The Master’s College has been granted membership in the Golden State Athletic Conference of the National Assn. of Intercollegiate Athletics. The Master’s, which has been an NAIA independent school, will become the conference’s 11th member Aug. 1 for a one-year probationary period, during which the school’s teams will be ineligible for conference championships.

UNIVERSITY BEAT

The fifth-ranked USC men’s volleyball team won both of its matches last weekend at No. 9 Penn State, winning in three games Friday and four Saturday. Mountain Pacific Sports Federation play opens this week. The Trojans are at San Diego State on Friday, when No. 1 UCLA hosts Pacific. No. 2 Long Beach State opens at UC San Diego on Thursday, and No. 4 Pepperdine is at San Diego State on Sunday.

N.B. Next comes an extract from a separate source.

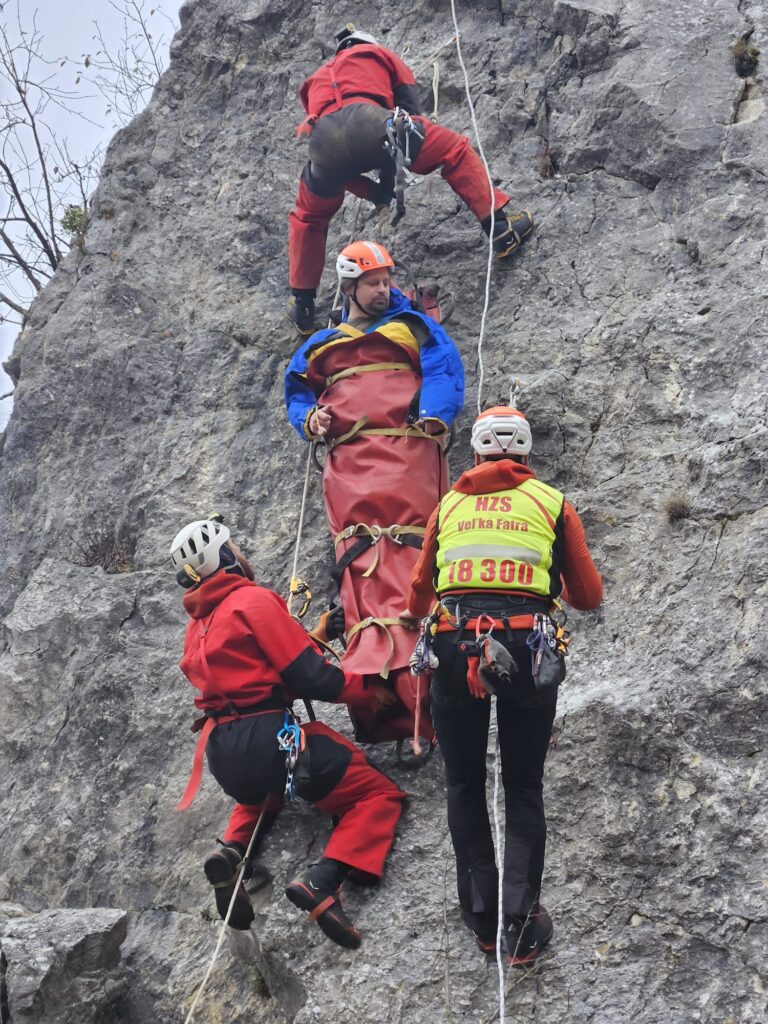 Ukažky práce záchranárov - transport na nosidlách vertikálne pomocou lanovej techniky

UCLA freshman Sara Walker last weekend became the first woman since 1994 to sweep the singles and doubles titles at the National Collegiate Tennis Classic at Sherwood Country Club. Walker defeated USC freshman Jewel Peterson, 7-5, 6-0, for the singles championship, then teamed with senior Amanda Basica to defeat Pepperdine freshman Paola Palencia and sophomore Ipek Senoglu, 8-4, in the doubles final. On the men’s side, the area’s top performer was sophomore Andrew Park of USC, who lost to Stanford’s Geoff Abrams, 6-3, 6-3, in the semifinals.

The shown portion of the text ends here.